Like in the empirical study we investigated group level diffusion in four flock events, namely 69–10, 48–17, 49–05 and 28–10. We parameterize modeled flocks to the empirical data of these flock events as regards the number of birds and distance to nearest neighbours (Table 1) [31,32].

Per measurement on flock diffusion we collect data during 2 seconds for every 0.01s after an acclimatization time for the flocks to settle of 60 seconds. To measure the volume and polarization of the flock we collect data for 2min for every 0.01s after an acclimatization time for the flocks to settle of 60 seconds.

Results

For different numbers of neighbours with whom collisions are avoided in the model (1 versus 6 or 7), we study the internal structure of the flock and also its volume.

The internal structure we quantify in the same way as was done empirically, namely by 1) the stability of local neighbours and 2) the ‘group level diffusion’ which is the internal movement in the frame of the centre of mass [2]. Like in the empirical study we focus on one flock event for neighbor stability and on four flock events for group level diffusion. We tune our modeled flocks to the empirical ones in terms of number of flock members and average distance to nearest neighbours, NND [31,32].

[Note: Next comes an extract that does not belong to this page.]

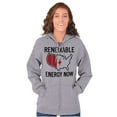 thumbnail image 4 of USA Renewable Energy Climate Change Unisex Fleece Graphic Zip Up Hoodie Brisco Brands 2X, 4 of 5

a) Stability of neighbours

We measure the stability of the local neighbours in the same way as in the empirial data, where it was referred to as ‘neighbour overlap’ [2]. We focus on the M local neighbours of each individual i over a time period t starting at t ₀ and compute the neighbour stability Q _M(t) as the ratio of the individuals that remain within the set of M neighbours after a time t. Thus the neighbour stability Q _M(t) is:

$${\mathit{Q}}_{\mathit{M}}\mathbf{\left(}\mathit{t}\mathbf{\right)}\mathbf{=}\frac{\mathbf{1}}{\mathit{N}}{\displaystyle {\mathbf{\sum }}_{\mathit{i}}}\frac{{\mathit{M}}_{\mathit{i}}\mathbf{\left(}\mathit{t}\mathbf{\right)}}{\mathit{M}}$$ (Equ. 1)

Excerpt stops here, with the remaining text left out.